Y como toda isla que se precie, ésta tiene su misterio. Una vez en tierra, Moreau y Montgomery mantienen un férreo secretismo sobre sus actividades e impiden el acceso de Prendick a ciertas instalaciones; el personal está compuesto por otros siervos de rasgos bestiales y cortas entendederas. El aullido de la pantera que desembarcaron de la goleta, presa del pánico y del dolor, atraviesa los muros del laboratorio y llena el recinto donde viven; Moreau continúa con las investigaciones que le valieron la expulsión de Inglaterra. En la selva, Prendick descubre a otros seres contrahechos, que entonan como una letanía los términos de unos extraños mandamientos: "No caminarás a cuatro patas; ésa es la Ley. ¿Acaso no somos hombres? No sorberás la bebida; ésa es la ley... No comerás carne ni pescado... No cazarás a otros Hombres…", todo ello coronado por una fórmula no menos inquietante: "Suya es la Casa del Dolor. Suya es la Mano que Crea. Suya es la Mano que Hiere. Suya es la Mano que Cura". Prendick cree erróneamente que aquellos desgraciados son hombres, víctimas de los experimentos de Moreau. La verdad no es menos aterradora: los monstruos son el resultado de la manipulación del doctor de diversos animales. A base de trasplantes, extirpaciones e injertos, Moreau ha jugado a ser Dios y dado forma antropomorfa a distintas especies, entremezclándolas entre sí, creando criaturas imposibles.

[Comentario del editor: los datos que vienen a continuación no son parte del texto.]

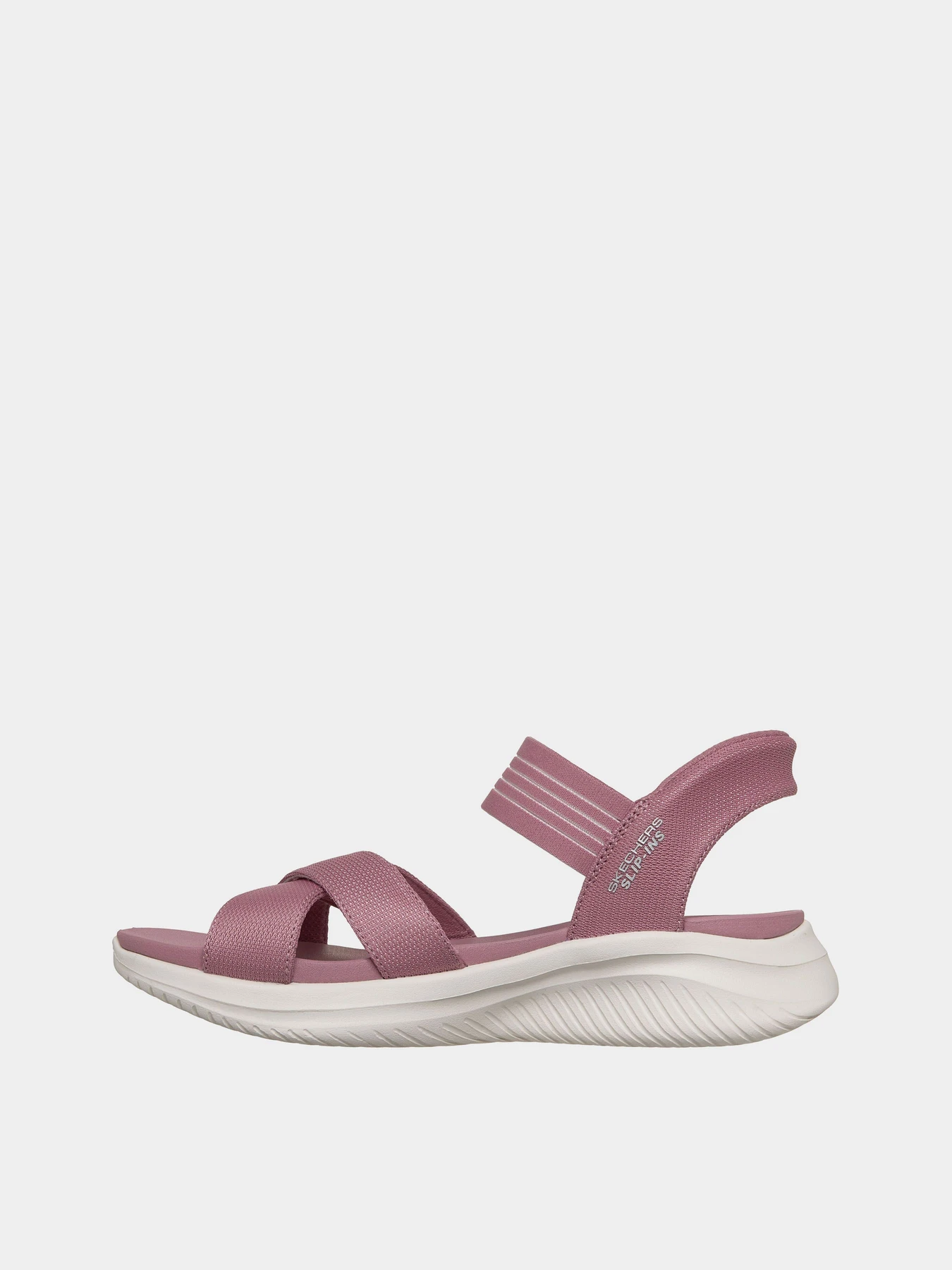 Сандалии Skechers ULTRA FLEX 3.0 SANDAL модель 119975 ROS Сандалии Skechers ULTRA FLEX 3.0 SANDAL модель 119975 ROS Фото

El Dr. Moreau es una figura totémica, una presencia que todo lo llena. Así lo entendió el cine al llevar en varias ocasiones la novela a la pantalla: Charles Laughton, Burt Lancaster y un Marlon Brando pasado de rosca dieron vida a este inquietante personaje. Moreau pertenece a la estirpe del capitán Nemo -Julio Verne fue una gran influencia en el joven Wells- y, de hecho, La isla del Dr. Moreau le debe mucho a La isla misteriosa (1875), la brillante continuación de 20.000 leguas de viaje submarino (1870). Moreau, al igual que Nemo, es una rama torcida en el recto tronco de la civilización que no duda en dar las espaldas a sus conciudadanos; Moreau y Nemo son sendas manchas en el limpio expediente del positivismo del siglo XIX, una puesta en entredicho de aquella confianza ciega en el progreso. Moreau, como el capitán Nemo antes que él, llevó su ciencia hasta el punto de ruptura. Ambos responden al ostracismo con la huida, pero ninguno tira la toalla. El mito fáustico del afán de conocimiento los lleva a ceder a sus demonios interiores. Nada es suficiente para Moreau. Le consta que nunca conocerá los límites de su ciencia, pero está dispuesto a llevarlos tan lejos como le sea posible, más allá del Bien y del Mal. Los errores si acaso son un acicate: "Hay algo en todo lo que hago que me decepciona -le confiesa Moreau a Prendick-, algo que me deja insatisfecho, que me desafía a seguir intentándolo". Frankenstein o el moderno Prometeo (1818) sería otra deuda reconocible de esta estupenda novela.